___ DATASET EXCERPTS

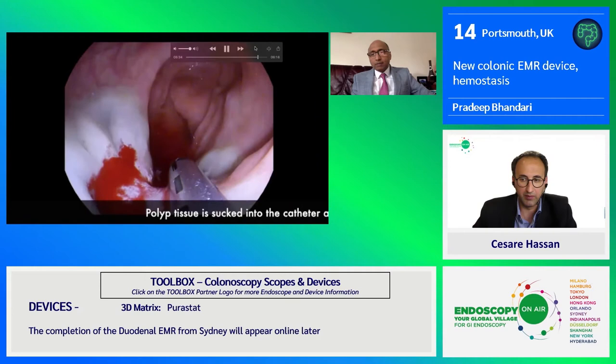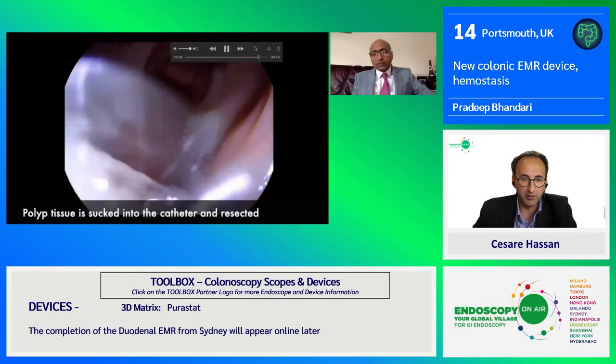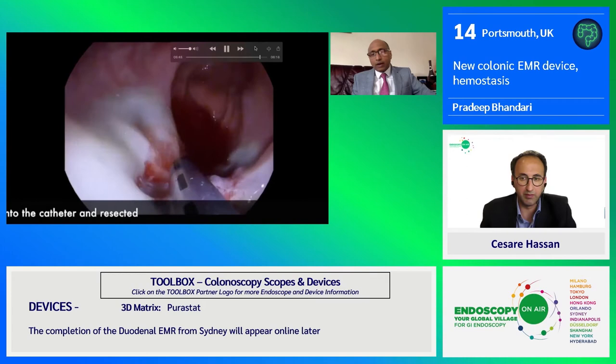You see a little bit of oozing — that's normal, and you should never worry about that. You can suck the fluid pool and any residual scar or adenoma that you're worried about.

______
___ DATASET EXCERPTS

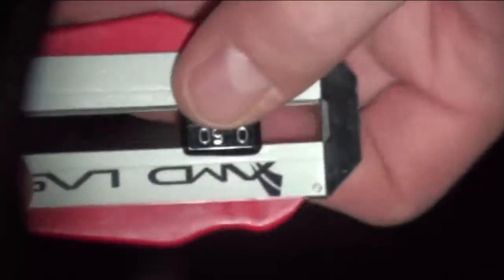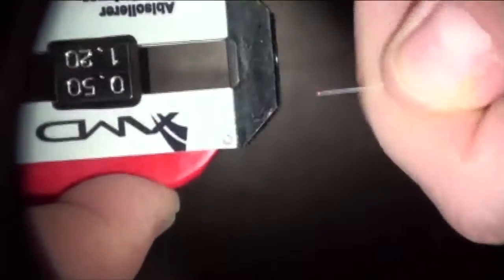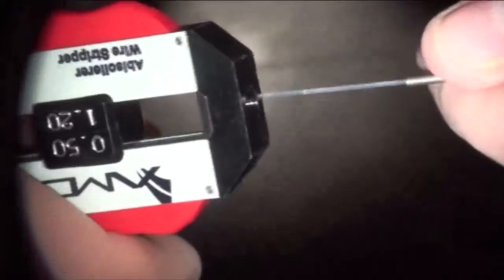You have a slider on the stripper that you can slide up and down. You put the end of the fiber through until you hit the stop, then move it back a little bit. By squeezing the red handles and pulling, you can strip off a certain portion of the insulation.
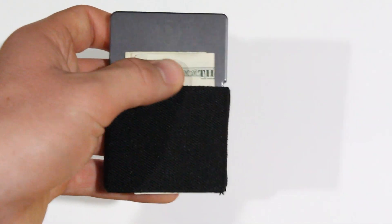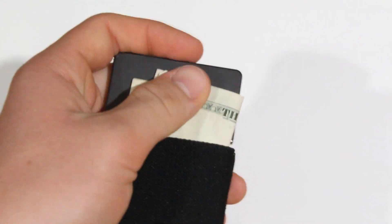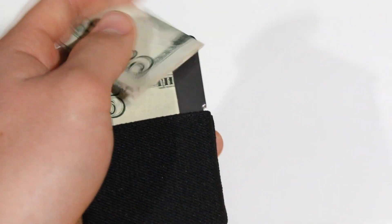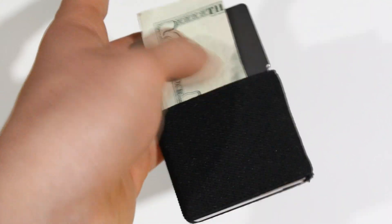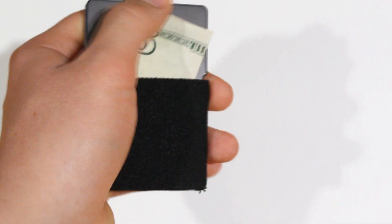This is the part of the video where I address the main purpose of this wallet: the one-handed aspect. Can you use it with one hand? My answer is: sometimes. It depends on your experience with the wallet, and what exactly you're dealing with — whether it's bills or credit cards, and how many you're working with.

______
___ DATASET EXCERPTS

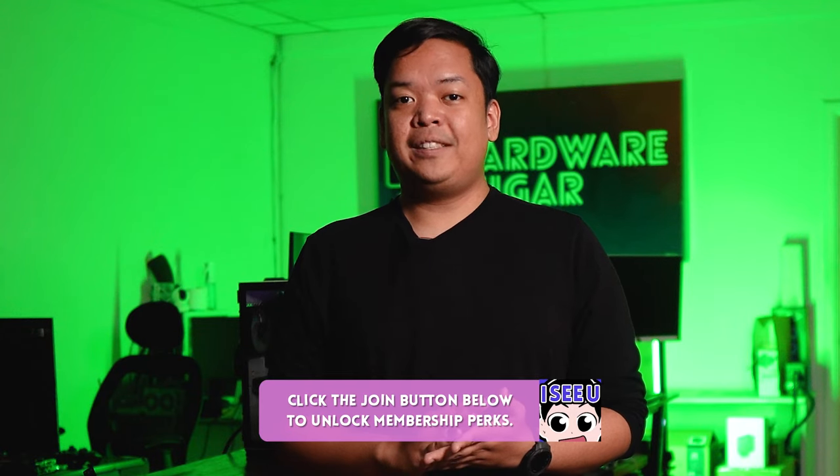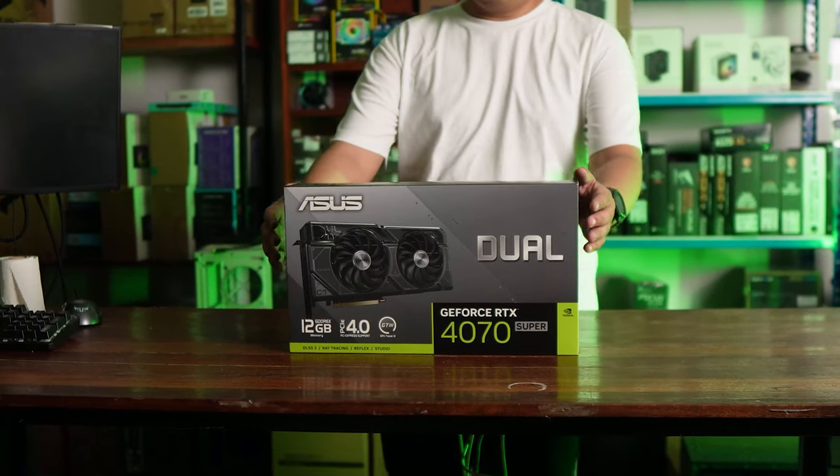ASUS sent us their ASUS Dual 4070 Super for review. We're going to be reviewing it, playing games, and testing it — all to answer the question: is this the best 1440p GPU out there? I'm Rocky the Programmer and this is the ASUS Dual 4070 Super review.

______

WHAT TO PRODUCE: Write out exactly the run of lines above that starts at the line containing "You have a slider" and ends at the line containing "This is the part". Include both, and leave the pictures out.

RESULT:
You have a slider on the stripper that you can slide up and down. You put the end of the fiber through until you hit the stop, then move it back a little bit. By squeezing the red handles and pulling, you can strip off a certain portion of the insulation.
This is the part of the video where I address the main purpose of this wallet: the one-handed aspect. Can you use it with one hand? My answer is: sometimes. It depends on your experience with the wallet, and what exactly you're dealing with — whether it's bills or credit cards, and how many you're working with.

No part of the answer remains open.